--- YOUR ASSIGNMENT ---
Copy out the data below as written; omit any images.

--- MATERIAL PROVIDED ---
BEGIN
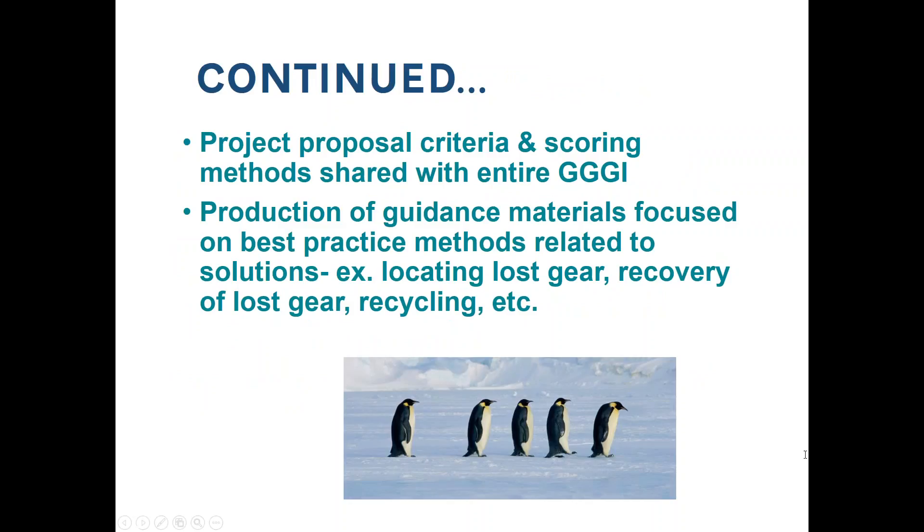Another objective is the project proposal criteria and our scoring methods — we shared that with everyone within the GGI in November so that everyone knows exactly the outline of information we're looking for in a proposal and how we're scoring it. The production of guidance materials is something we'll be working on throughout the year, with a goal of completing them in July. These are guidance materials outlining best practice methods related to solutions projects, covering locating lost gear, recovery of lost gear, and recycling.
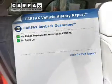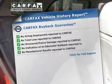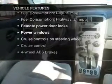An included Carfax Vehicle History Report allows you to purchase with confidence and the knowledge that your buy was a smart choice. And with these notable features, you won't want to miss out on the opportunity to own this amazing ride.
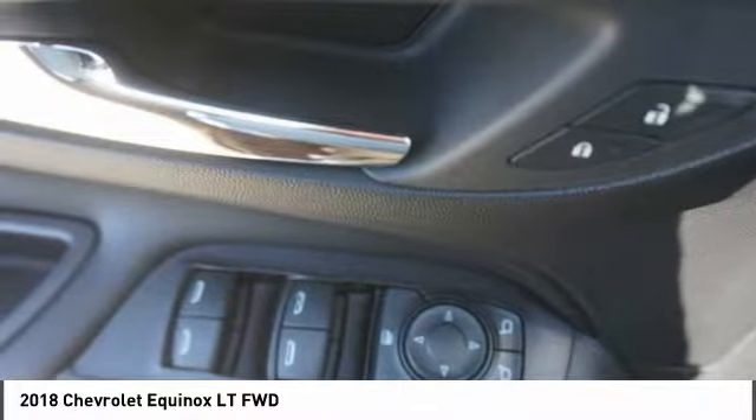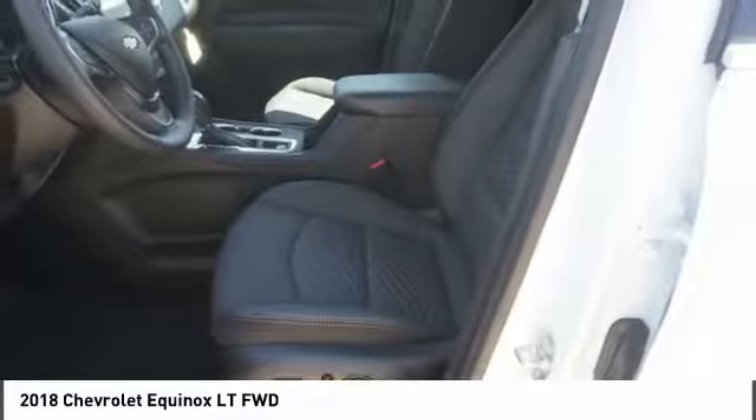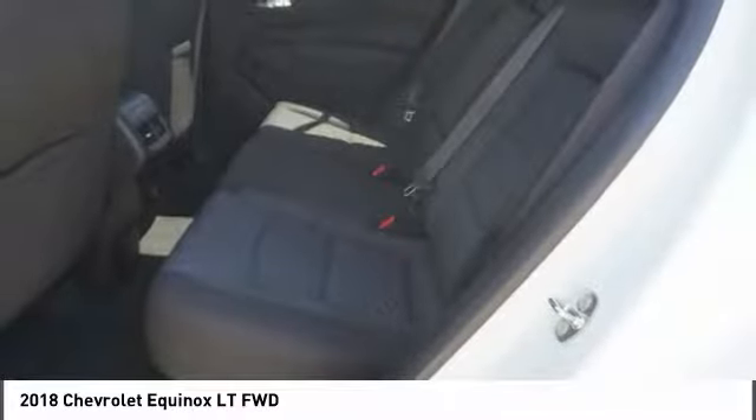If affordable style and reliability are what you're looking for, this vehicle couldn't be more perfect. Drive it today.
END
--- EXPECTED ANSWER ---
Another objective is the project proposal criteria and our scoring methods — we shared that with everyone within the GGI in November so that everyone knows exactly the outline of information we're looking for in a proposal and how we're scoring it. The production of guidance materials is something we'll be working on throughout the year, with a goal of completing them in July. These are guidance materials outlining best practice methods related to solutions projects, covering locating lost gear, recovery of lost gear, and recycling.
An included Carfax Vehicle History Report allows you to purchase with confidence and the knowledge that your buy was a smart choice. And with these notable features, you won't want to miss out on the opportunity to own this amazing ride.
If affordable style and reliability are what you're looking for, this vehicle couldn't be more perfect. Drive it today.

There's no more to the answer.